(7) Climate System
| 
| Hits: 2331
Dire ocean scenario warns of the effects of climate change
The great salt crisis
About 6 million years ago the gradual tectonic changes resulted in the closure of the Strait of Gibraltar. This led to the transient isolation of the Mediterranean Sea from the Atlantic Ocean. During this isolation the Mediterranean Sea dried out several times, creating vast evaporate (salt) deposits. Just imagine a huge version of the Dead Sea where a few meters of seawater cover a vast area. This event is called the Messinian Salinity Crisis and it was a global climate event because nearly 6 percent of all dissolved salts in the world’s oceans were removed. By 5.5 million years ago the Mediterranean Sea was completely isolated and was a salt desert. This was roughly the same time as palaeoclimate records indicate that the Northern Hemisphere was starting to glaciate.

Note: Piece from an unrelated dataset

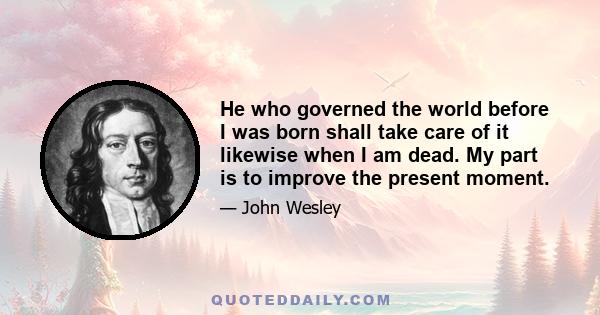 He who governed the world before I was born shall take care of it likewise when I am dead. My part is to improve the present moment.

But at about 5.3 million years ago the Strait of Gibraltar reopened, causing the Terminal Messinian Flood, also known as the Zanclean Flood or Zanclean Deluge. Scientists have envisaged an immense waterfall higher than today’s Angel Falls in Venezuela (979 m), and far more powerful than either the Iguazu Falls on the boundary between Argentina and Brazil or the Niagara Falls on the boundary between Canada and the USA. More recent studies of the underground structures at the Gibraltar Strait show that the flooding channel may have descended in a rather more gradual way to the dry Mediterranean. The flood could have occurred over months or a couple of years, but it meant that large quantities of dissolved salt were pumped back into the world’s oceans via the Mediterranean-Atlantic gateway. This stopped the Great Ice Age in its tracks and was entirely due to how oceans circulate. The Gulf Stream not only keeps Europe warm but also drives the deep-ocean circulation and keeps the whole planet relatively warm. Five million years ago the deep ocean circulation was not as strong as it is today. This is because fresher Pacific Ocean water was still able to leak through the Panama ocean gateway which is discussed below. So the sudden massive increase in salt due to the Terminal Messinian Flood increased the salt in the North Atlantic Ocean ensuring a very vigorous Gulf Stream and sinking water in the Nordic Seas. With all this tropical heat being efficiently pumped northwards the slide into any further great ice ages was halted about 5 million years ago. We had to wait another 2.5 million years before the global climate was ready to try again.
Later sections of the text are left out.